The D’Antoni system, dubbed ‘seven seconds or less’, calls for players to execute a fast-paced offense, run the floor and take quick shots. The more possessions, the better the chance of victory. All this with good balance, rhythm and flow.
“He’ll run the offense like nothing,” D’Antoni said of Nash in his introductory press conference last month. “For the other guys, it’s very simple. He’s a big part of it; we got Steve Blake coming back and he’s a big part of it. (Chris) Duhon knows it already, so that’s cool. We’ll get the other guys up to snuff. But the process should not be long and it should not be tedious at all.”
But the process has been long for the Lakers, and their 6-9 record under D’Antoni suggests they haven’t made much progress picking up his system.

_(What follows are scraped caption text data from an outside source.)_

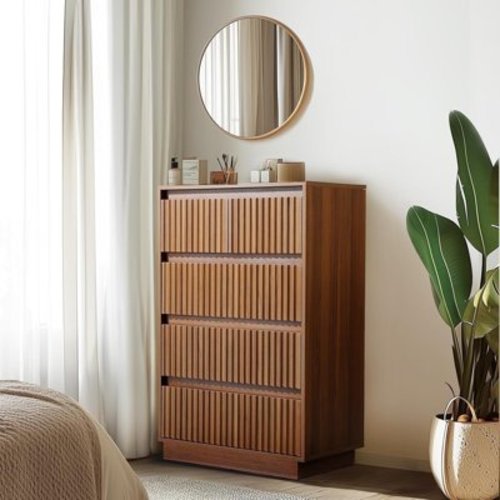 Wood Dresser, 5 Drawer Dresser for Bedroom, Modern Chest of Drawers with Deep Drawers Waterproof Living Room, Hallway, Entryway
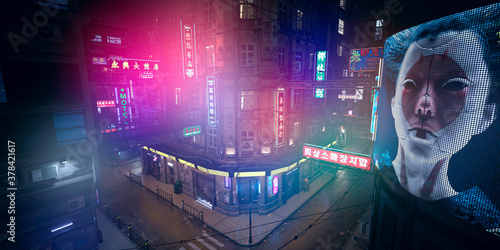 Obraz na plátně Beautiful neon night in a cyberpunk city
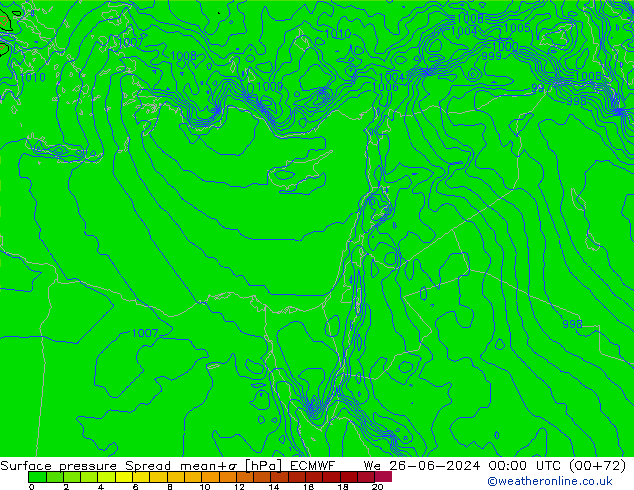 ciśnienie Spread ECMWF śro. 26.06.2024 00 UTC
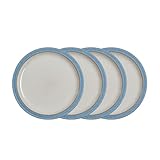 Denby - Elements Blue Dinner Plates Set of 4 - Dishwasher Microwave Safe Crockery 26.5cm - Blue, White Ceramic Stoneware Tableware - Chip & Crack Resistant Large Plates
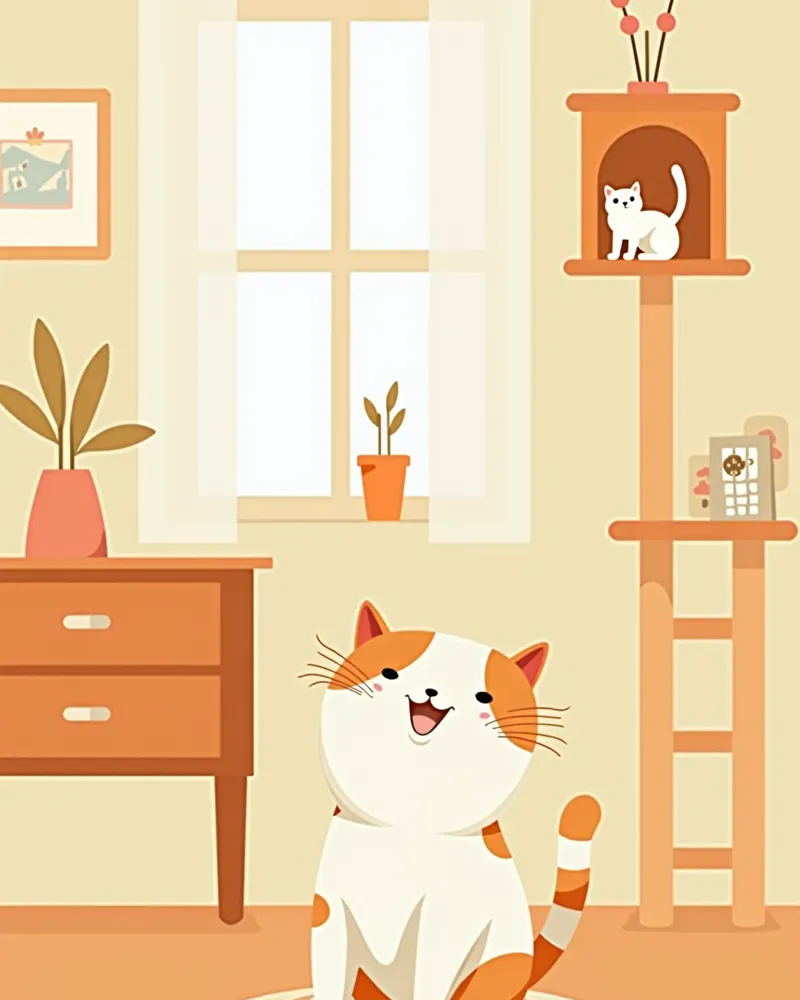 다양한 환경 풍부화 요소가 있는 고양이 생활 공간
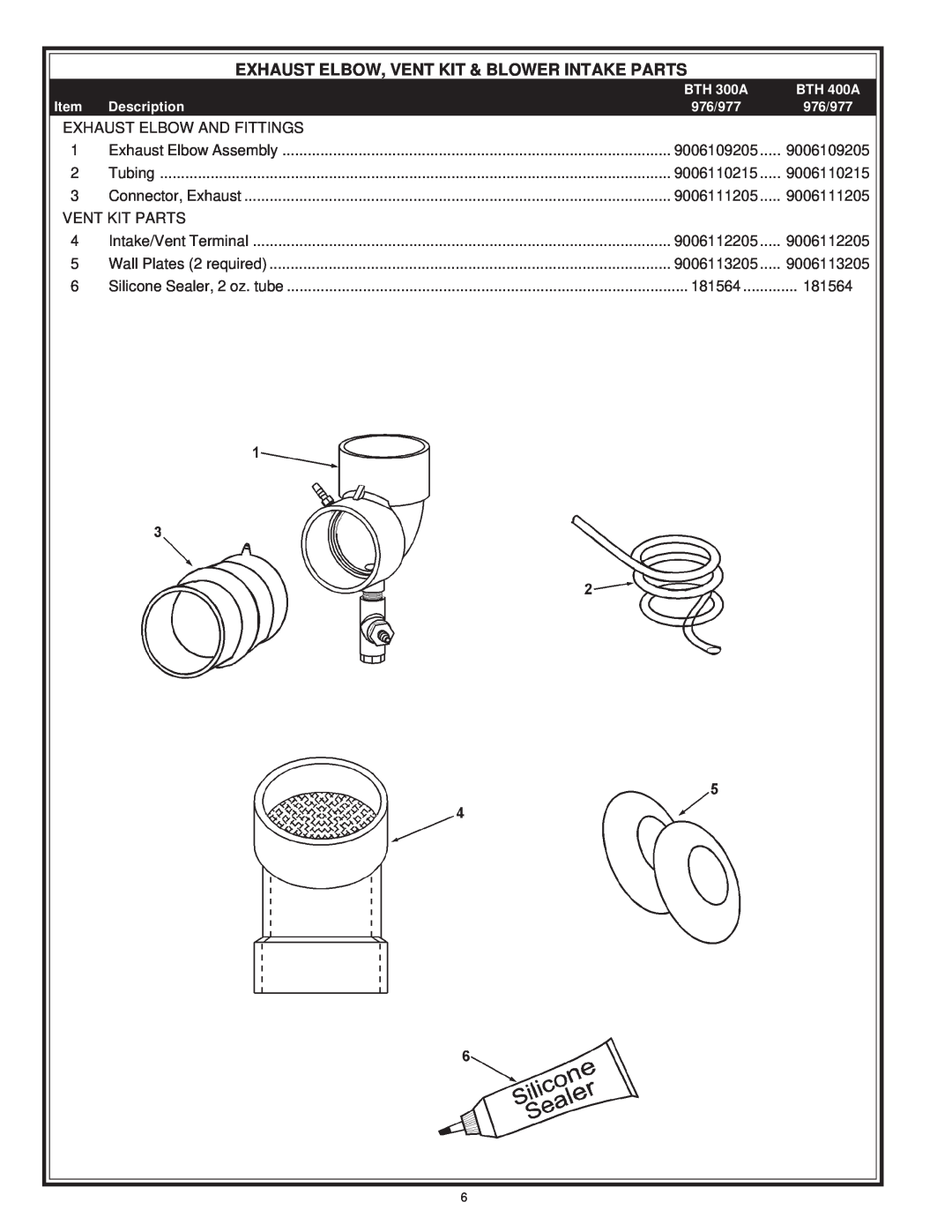 A.O. Smith 976 Series, 977 Series Exhaust Elbow, Vent Kit & Blower Intake Parts, BTH 300A, BTH 400A, Description, 976/977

But whether or not they’re words inspired from their head coach, the players are betting on the same saving grace.
“Steve’s been conducting this offense for a while, and when he gets out on the floor he’ll be able to put guys in the right places,” Kobe Bryant said during practice earlier this month.
After the Lakers lost to the Cavs, a frustrated Bryant reiterated that catch phrase.
“When Steve gets back,” he said, “We’ll do a lot of running of that nature, try to do the ‘Showtime’ thing, get up and down the floor.”
That’s placing a big bet on Nash, but D’Antoni “has to put that much unwarranted pressure on Steve” because his offense was a custom fit for an elite point guard who understands transition basketball, according to Miller.
“He has no other recourse because there’s no other guard on the Lakers roster that understands the ebb and flow – when to push it, how to push it,” Miller said. “No one is a better floor general, regardless of age.”
The silver lining in all of this is that available point guards Chris Duhon and Darius Morris are going to have to learn the job, he said.
But former Lakers point guard Magic Johnson shared a different view recently.
At a Los Angeles Dodgers press conference (Johnson is a minority owner), he said D’Antoni’s offense system doesn’t fit the Lakers and that Bryant is the only player who can get up and down the court.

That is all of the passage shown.